Specifically, the code defines a Ball3DHardAgent class and inherits the Agent class, indicating that this is a trainable agent. This agent has a public variable ball of type GameObject, which represents the ball in the scene. At the same time, this class also defines a property called PositionDelta , which returns the difference between the position of the ball and the position of the agent. This attribute uses the Observable feature , indicating that it can be observed by ReflectionSensor and stacked in multiple time steps (numStackedObservations: 9), so that the neural network can obtain more historical information for learning.

2.2 Code decomposition

2.2.1 using Unity.MLAgents.Sensors.Reflection

using Unity.MLAgents.Sensors.Reflection;

This line of code imports the Reflection namespace, which contains the ObservableAttribute feature class.

2.2.2 public class Ball3DHardAgent : Agent

public class Ball3DHardAgent : Agent

This code defines a Ball3DHardAgentclass named that inherits Agentthe class, indicating that this is an agent using the Unity ML-Agents framework.

An agent refers to an entity used to solve problems in machine learning. It can perceive the environment and maximize a certain objective function through learning strategies to achieve the optimal solution to the problem. In the Unity ML-Agents framework, an agent can be any game object (GameObject) in the scene.

This class contains a PositionDeltaproperty named that uses the attribute to add the input of the neural network to the observation data . Specifically, an attribute of type Vector3 that calculates the ball's position offset relative to the agent and adds it to the observations as a vector of length 9 (numStackedObservations: 9). ObservablePositionDelta

When using the Reflection Sensor, Observablethe observation data (observation) used by the feature to mark the agent should be added to the buffer of the Reflection Sensor . This feature also allows specifying where observations are placed in the buffer, and how many observations are stacked.

2.2.3 [Observable(numStackedObservations: 9)]

[Observable(numStackedObservations: 9)]

This is an attribute used to identify a field or attribute that needs to be included in the observation, and the parameter numStackedObservationsindicates how many steps to record the observation. In this example, PositionDeltaattributes will be included in observations and recorded in 9 consecutive steps.

2.2.4 Vector3 PositionDelta

Vector3 PositionDelta

Vector3 PositionDeltais a public getproperty that returns a 3D vector representing the position of the ball relative to the agent. It is marked with [Observable(numStackedObservations: 9)], indicating that the property can be observed, and the number of history records to be observed is 9.

Q: get?

getIs a keyword in C# , used to get the property value . In this context, getis PositionDeltaan accessor to the property , which means to get the position difference vector between the ball and the agent. When we use the attribute in other partsPositionDelta , it will return the position difference vector between the ball and the agent as defined in this method.

问:ObservableAttribute?

ObservableAttributeis a feature used to mark an attribute, indicating that this attribute should be added to the observation . In ML-Agents SDK, observation is a way to provide environmental information to the agent, which can be used by the trained neural network to make decisions. numStackedObservationsThe argument is used to specify how many times this attribute should be added to the observations to produce a stack of histories, also known as "stacked observations". In this example, PositionDeltathe property is marked as observable and specifies that it should be added 9 times.

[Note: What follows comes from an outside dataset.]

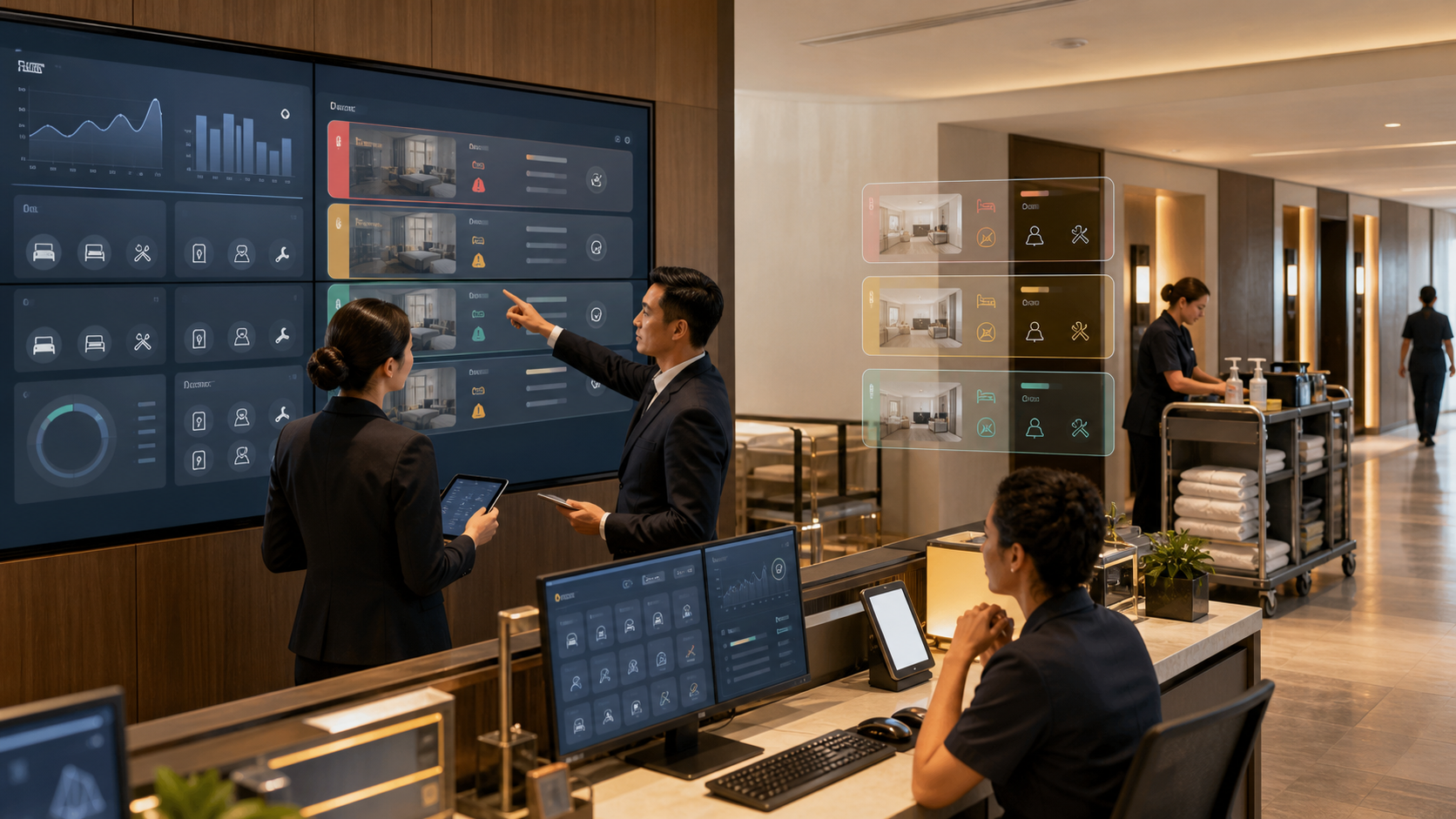Governed OPAG housekeeping dispatch AI agent ranking hotel room-readiness exceptions with staff approval and source evidence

3.One-hot encoding categorical information

3.1 Code summary

enum ItemType { Sword, Shield, Bow, LastItem }

public override void CollectObservations(VectorSensor sensor)
{
    // 遍历所有物品类型
    for (int ci = 0; ci < (int)ItemType.LastItem; ci++)
    {
        // 如果当前持有物品是该类型,就设置为 1,否则为 0
        sensor.AddObservation((int)currentItem == ci ? 1.0f : 0.0f);
    }
}

This code defines the item type using an enum , which is then used in CollectObservationsa functionVectorSensor to collect observation data. Here, the type of the currently held item is converted to an integer (0, 1, 2, etc.) and added to the observation vector by looping through all item types and checking the currently held item type. If the currently held item type is the same as the currently traversed item type , then set the value to 1, otherwise set the value to 0.

3.2 Code decomposition

3.2.1 enum ItemType { Sword, Shield, Bow, LastItem }

enum ItemType { Sword, Shield, Bow, LastItem }

An enumeration type ItemType is defined here , which contains four members: Sword, Shield, Bow and LastItem. Among them, LastItem can be regarded as a mark, which is used to mark the number of members of the ItemType enumeration type .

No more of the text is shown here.